§ ASSIGNED TASK
Would it be possible to output exactly, and only, the lines below from the one holding "Конверт на выписку зима" to the last line, both included, with every picture left out?

= Beginning of Section =

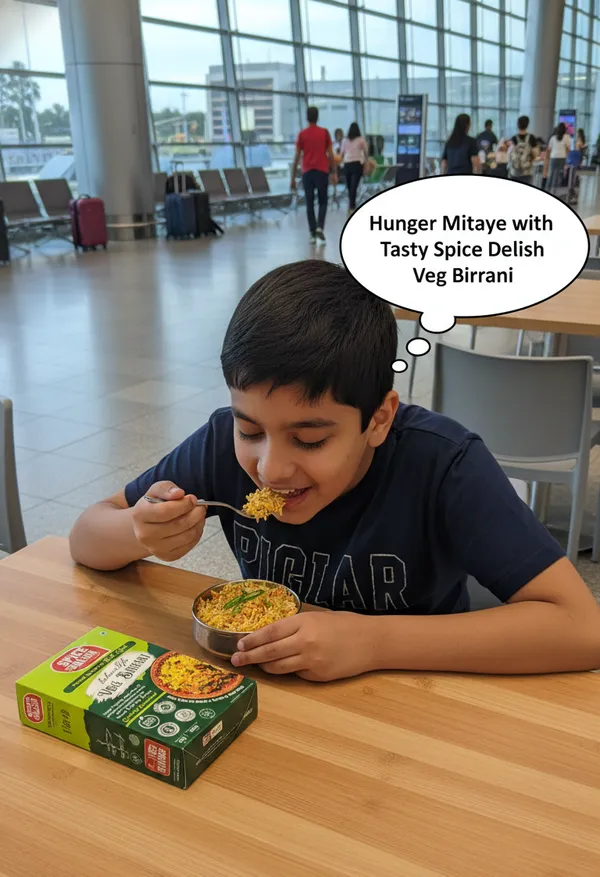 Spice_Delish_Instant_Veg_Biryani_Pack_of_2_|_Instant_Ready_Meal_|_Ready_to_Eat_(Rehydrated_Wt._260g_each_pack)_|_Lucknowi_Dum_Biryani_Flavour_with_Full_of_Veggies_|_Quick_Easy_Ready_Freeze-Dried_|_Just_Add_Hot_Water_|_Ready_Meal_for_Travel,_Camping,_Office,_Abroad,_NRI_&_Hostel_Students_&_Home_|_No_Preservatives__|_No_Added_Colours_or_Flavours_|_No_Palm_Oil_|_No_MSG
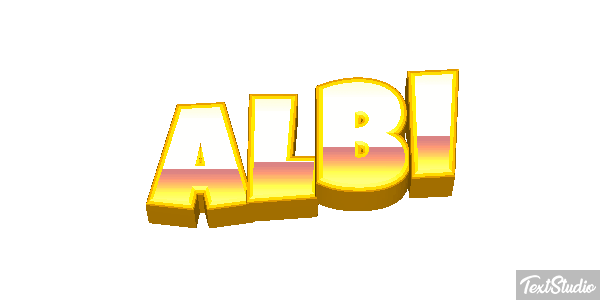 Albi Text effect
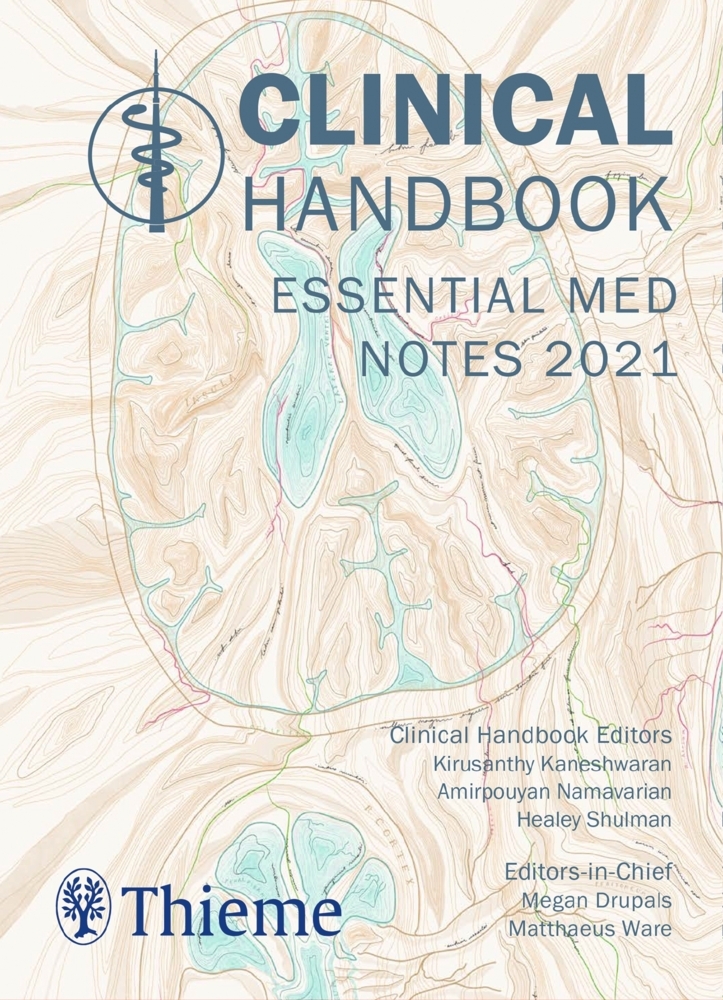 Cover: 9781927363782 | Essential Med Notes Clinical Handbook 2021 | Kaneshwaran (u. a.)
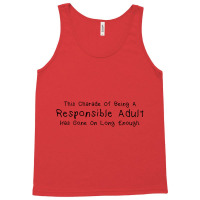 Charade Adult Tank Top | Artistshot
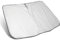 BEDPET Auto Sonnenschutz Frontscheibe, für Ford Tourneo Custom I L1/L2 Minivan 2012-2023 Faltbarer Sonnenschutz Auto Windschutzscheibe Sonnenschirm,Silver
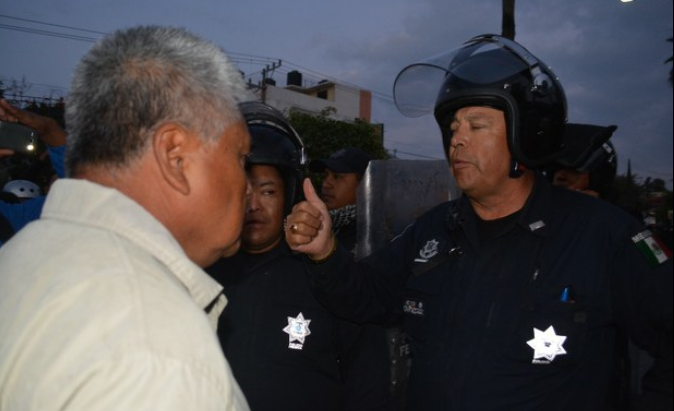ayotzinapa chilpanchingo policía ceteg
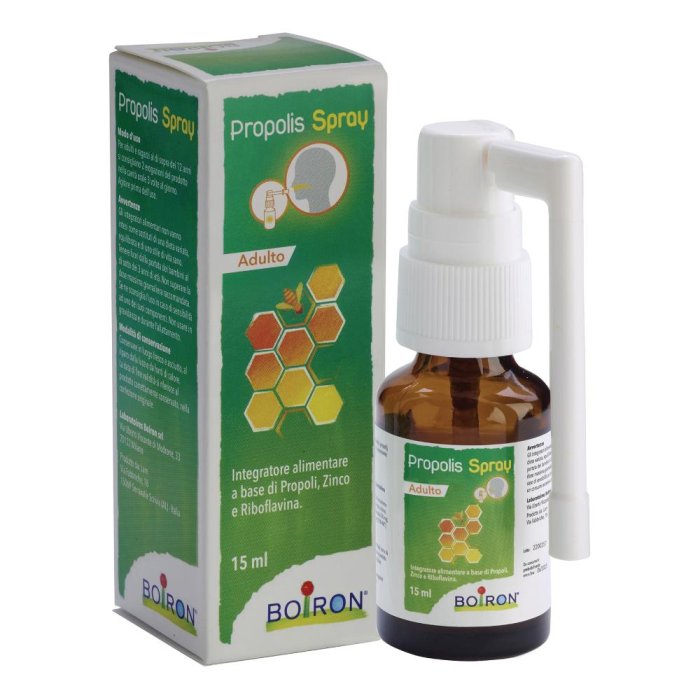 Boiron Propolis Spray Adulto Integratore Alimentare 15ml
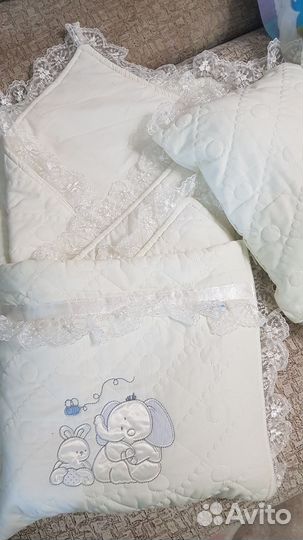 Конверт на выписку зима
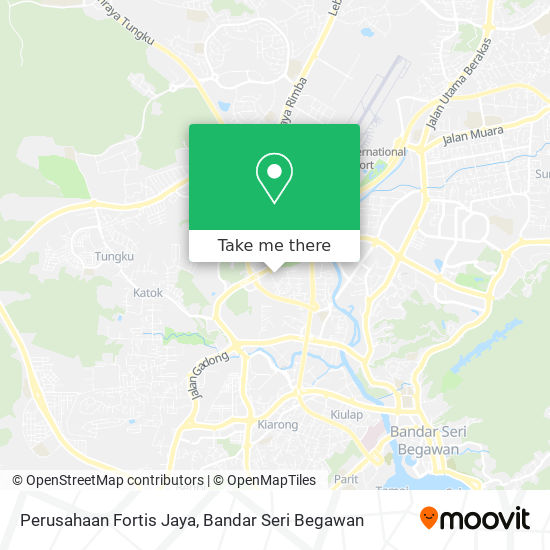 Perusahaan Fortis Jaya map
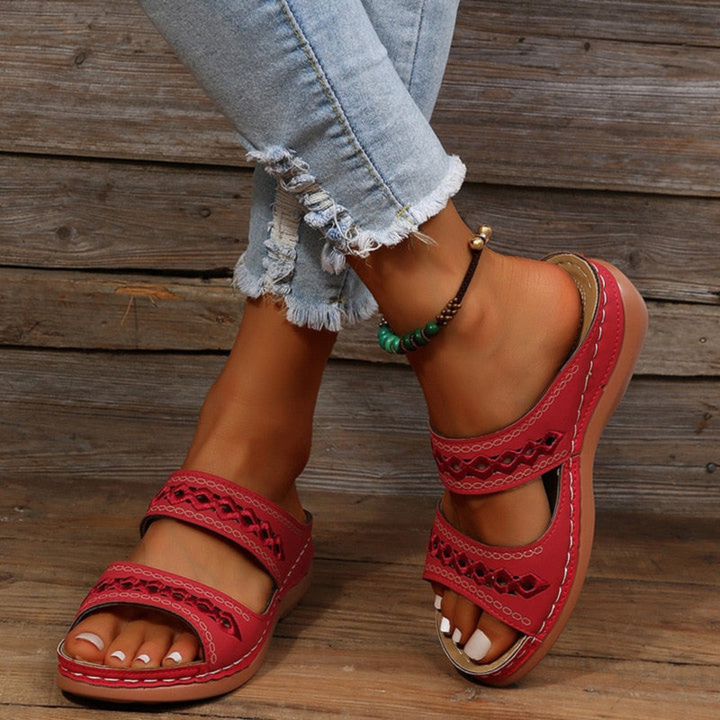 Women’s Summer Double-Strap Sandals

= End of Section =

§ ANSWER BELOW
 Конверт на выписку зима
 Perusahaan Fortis Jaya map
 Women’s Summer Double-Strap Sandals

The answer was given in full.